Gettext message catalogues from virtual dir within PYZ for GtkBuilder widgets

684 Views Asked by At

Is there an established approach to embed gettext locale/xy/LC_MESSAGES/* in a PYZ bundle? Specifically to have Gtks automatic widget translation pick them up from within the ZIP archive.

For other embedded resources pkgutil.get_deta or inspect/get_source work well enough. But system and Python gettext APIs depend on bindtextdomain being supplied a plain old localedir; no resources or strings etc.

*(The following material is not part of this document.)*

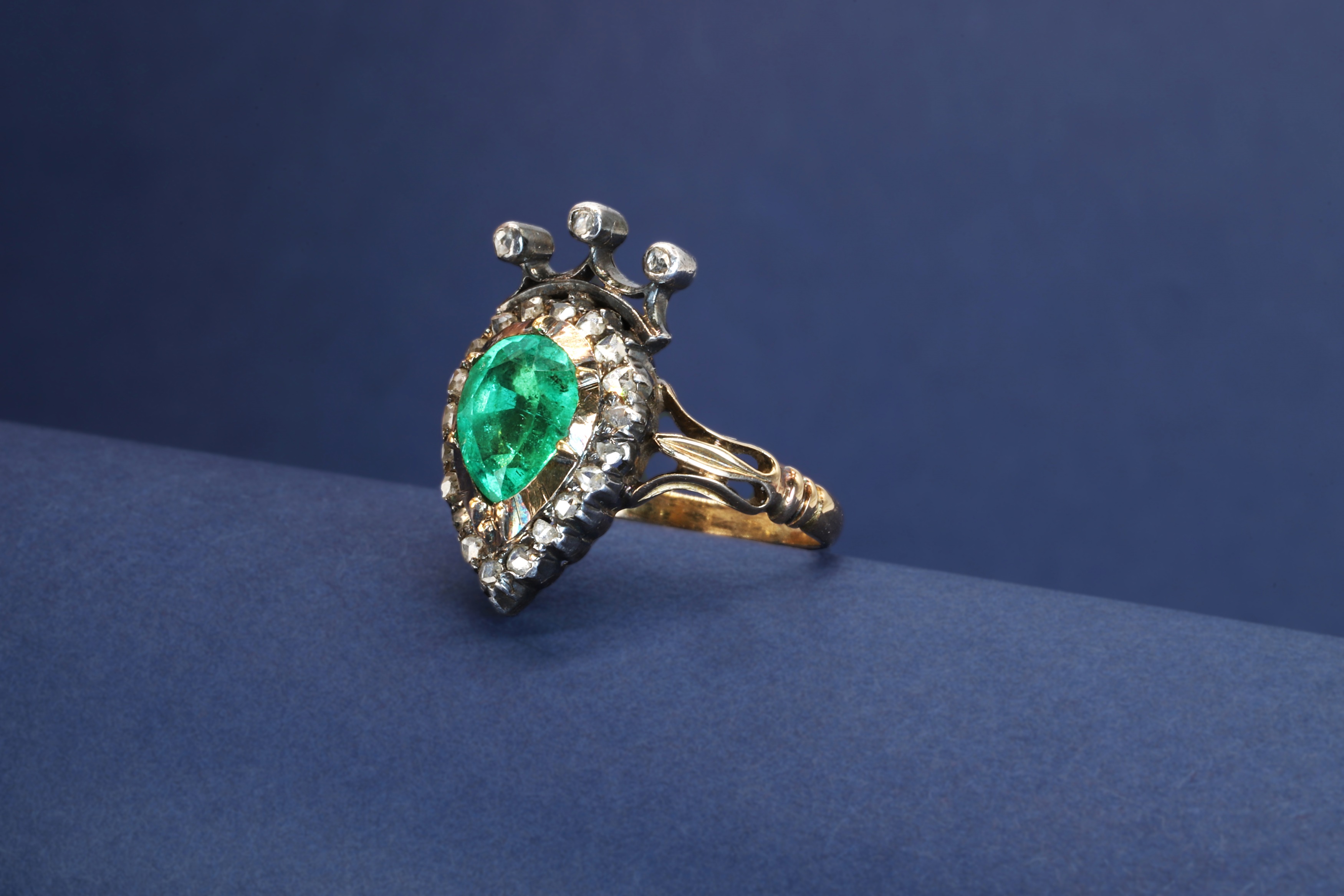 A Victorian emerald and diamond crowned heart ring (£3,000-3,500)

So I couldn't contrive a workable or even remotely practical workaround:

  1. Virtual gvfs/gio paths
    Now using archive://file%3A%2F%2Fmypkg.pyz%2Fmessages%2F IRIs would be an alternative to read other files directly from a zip. But glibs g_dgettext is still just a thin wrapper around the system lib. And therefore any such URLs can't be used as localedir.

  2. Partially extracting the zip
    That's how PyInstaller works I think. But it's of course somewhat ridiculous to bundle something as .pyz application, only to have it preextracted on each invocation.

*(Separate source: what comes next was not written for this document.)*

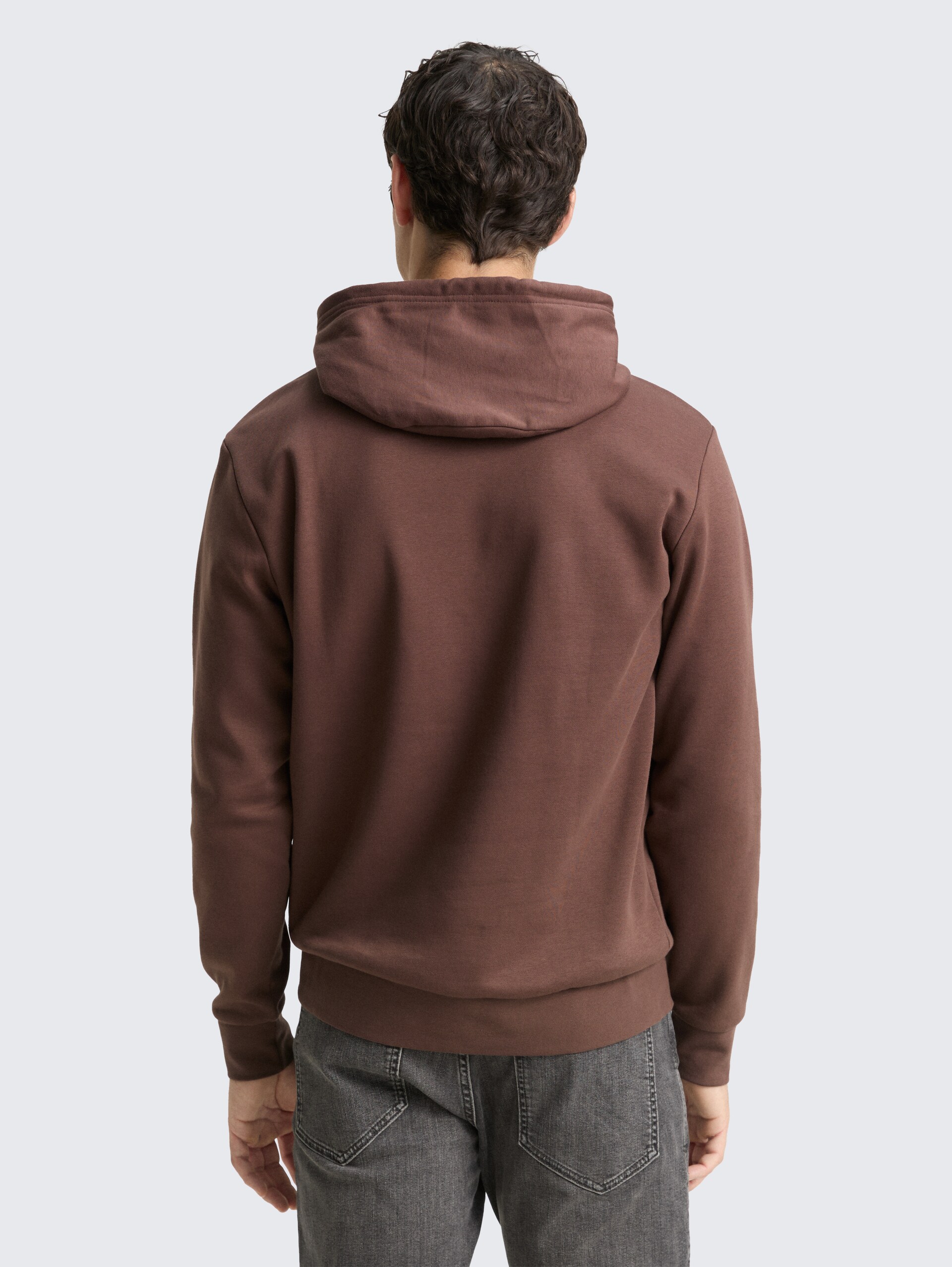 Hoodie Sweatshirt mit Logo-Print - bag brown - Auschnitt Model-Rückansicht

  3. Userland gettext .mo/.po extraction
    Now reading out the message catalogues manually or just using trivial dicts instead would be an option. But only for in-application strings. That's again no way to have Gtk/GtkBuilder pick them up implicitly.
    Thus I had to manually traverse the whole widget tree, Labels, text, inner widgets, markup_text, etc. Possible, but meh.

  4. FUSE mounting
    This would be superflaky. But of course, the zip contents could be accessed gvfs-mount etc. Just seems like a certain memory hog. And I doubt it's gonna stay reliable with e.g. two app instances running, or a previous uncleanly terminated. (I don't know, due to a system library, like gettext, stumbling over a fragile zip fuse point..)

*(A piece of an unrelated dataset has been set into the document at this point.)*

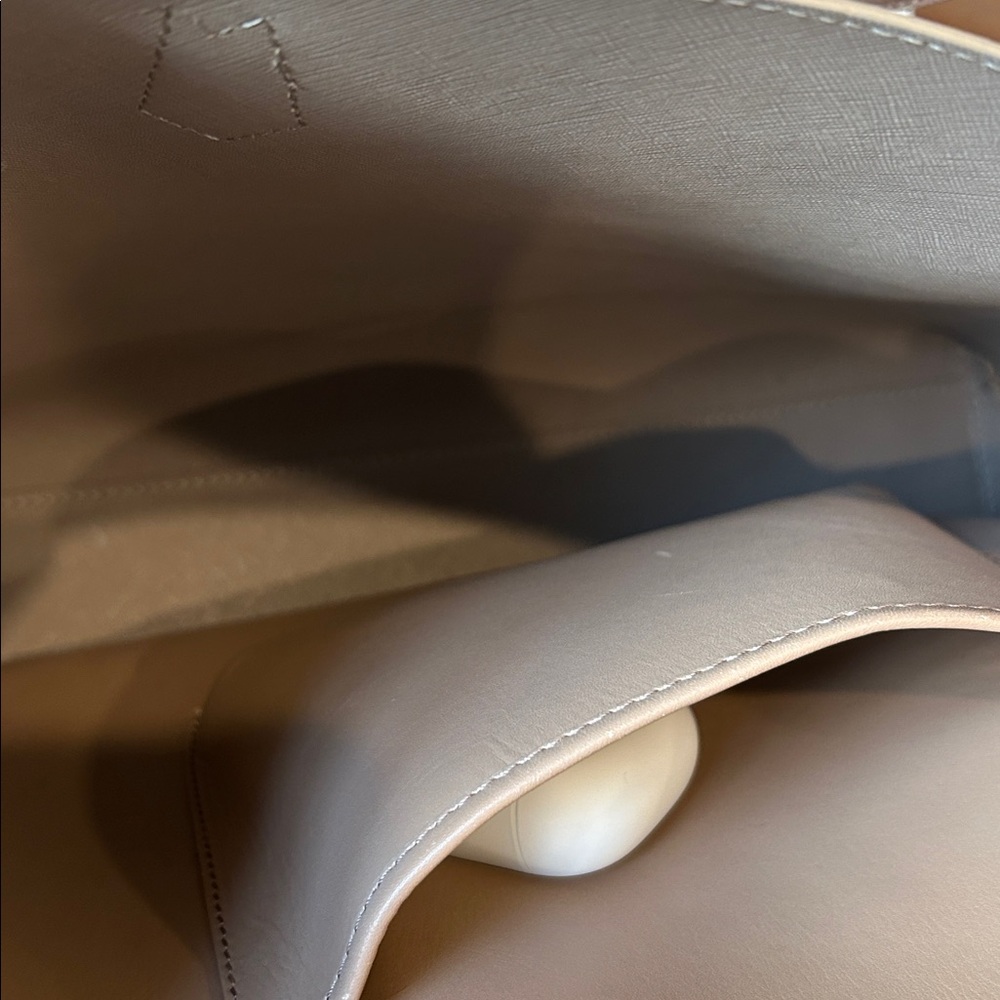 Women’s Taupe Tote Bag - Classic Everyday Handbag - Picture 12 of 15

  5. Gtk signal/event for translation(?)
    I've found squat about this, so I'm somewhat certain there's no alternative mechanism for widget translations in Gtk/PyGtk/GI. Gtk/Builder expects and is tied to gettext.

Is there a more dependable approach perhaps?

1

There are 1 best solutions below

2
On

This my example Glade/GtkBuilder/Gtk application. I've defined a function xml_gettext which transparently translates glade xml files and passes to gtk.Builder instance as a string.

import mygettext as gettext
import os
import sys

import gtk
from gtk import glade

glade_xml = '''<?xml version="1.0" encoding="UTF-8"?>
<interface>
  <!-- interface-requires gtk+ 3.0 -->
  <object class="GtkWindow" id="window1">
    <property name="can_focus">False</property>
    <signal name="delete-event" handler="onDeleteWindow" swapped="no"/>
    <child>
      <object class="GtkButton" id="button1">
        <property name="label" translatable="yes">Welcome to Python!</property>
        <property name="use_action_appearance">False</property>
        <property name="visible">True</property>
        <property name="can_focus">True</property>
        <property name="receives_default">True</property>
        <property name="use_action_appearance">False</property>
        <signal name="pressed" handler="onButtonPressed" swapped="no"/>
      </object>
    </child>
  </object>
</interface>'''

class Handler:
    def onDeleteWindow(self, *args):
        gtk.main_quit(*args)

    def onButtonPressed(self, button):
       print('locale: {}\nLANGUAGE: {}'.format(
              gettext.find('myapp','locale'),os.environ['LANGUAGE']))

def main():
    builder = gtk.Builder()
    translated_xml = gettext.xml_gettext(glade_xml)
    builder.add_from_string(translated_xml)
    builder.connect_signals(Handler())

    window = builder.get_object("window1")
    window.show_all()

    gtk.main()

if __name__ == '__main__':
    main()  

I've archived my locale directories into locale.zip which is included in the pyz bundle.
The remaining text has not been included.